CITY OF LENEXA, Appellant, v. CITY OF OLATHE, Appellee.

No. 54,932

Supreme Court of Kansas.

Opinion filed March 26, 1983.

Richard W. Byrum, of Schnider, Shamberg & May, Chartered, of Shawnee Mission, argued the cause and Robert H. Freilich, of Kansas City, Missouri, was with him on the brief for the appellant.

Richard N. Roe, of Lowe, Terry & Roberts, of Olathe, argued the cause and Thomas A. Glinstra, municipal counsel, of Olathe, was with him on the brief for the appellee.

The opinion of the court was delivered by

HERD, J.:

This is an appeal from the trial court's order granting summary judgment in favor of the city of Olathe with regard to an annexation controversy.

This is our third look at this case. The facts are undisputed. Pursuant to a petition from David Miller requesting his property be annexed to the city, on June 4, 1979, the city of Olathe passed Ordinance No. 844 annexing the property. Miller's petition described the property as follows:

*160 "The East half of the Northwest quarter of Section 18, Township 13 South, Range 24 East, Johnson County, Kansas." (Emphasis added.)

Ordinance No. 844 mistakenly described the land as follows:

"The East half of the Northwest quarter of Section 18, Township 14 South, Range 24 East, Johnson County, Kansas." (Emphasis added.)

On June 5, 1979, Ordinance No. 844 was published in the official newspaper containing the reference to Township 14 instead of Township 13.

On June 5, 1979, the city of Olathe, pursuant to a petition from George and Nelda Meredith requesting their property be annexed to the city, passed Ordinance No. 845 annexing that property. The ordinance correctly described the property as follows:

"The NW 1/4, the SW 1/4 of the NE 1/4, the NW 1/4 of the SW 1/4 and the SW 1/4 of the SW 1/4, all in Section 7, Township 13, Range 24, except that part in road and highway; the SE 1/4 and the S 1/2 of the S 1/2 of the NE 1/4, all in Section 12, Township 13, Range 23, except that part in railroad and road right-of-way, all in Johnson County, Kansas."

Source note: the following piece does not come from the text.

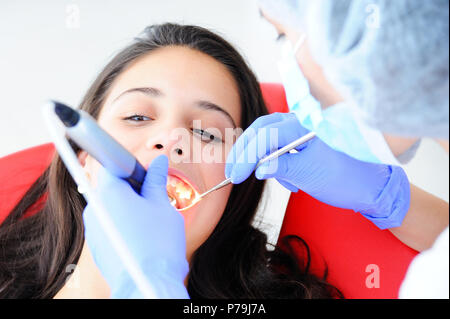 Junge schöne Mädchen in der Zahnarztpraxis. Kinder Zahnarzt untersucht die Zähne zu einem Kind. Stockfoto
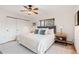 Main bedroom with king-size bed and ample closet space at 936 Eudora St # 102, Denver, CO 80220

Ordinance No. 845 was published on June 6, 1979.

On June 6, 1979, pursuant to a petition from Josef and Helen Sorkin requesting their property be annexed to the city, the city of Olathe passed Ordinance No. 855, annexing their property.

The Ordinance described the property as follows:

"The North Half of the Northeast Quarter (N 1/2 NE 1/4) and the North Half of the South Half of the Northeast Quarter (N 1/2 S 1/2 NE 1/4) of Section Twelve (12), Township Thirteen (13), Range Twenty-three (23); also the Northwest Quarter of the Southwest Quarter (NW 1/4 SW 1/4), of Section Six (6), Township Thirteen (13), Range Twenty-four (24); also the South Half of the Southeast Quarter (S 1/2 SE 1/4) of Section One (1) Township Thirteen (13), Range Twenty-three (23), except that part thereof lying North and West of the right of way of the Atchison, Topeka and Santa Fe Railway Company."

Ordinance No. 855 was published on June 9, 1979.

On June 8, 1979, Ordinance No. 844 was republished with the corrected legal description of the land Olathe intended to annex.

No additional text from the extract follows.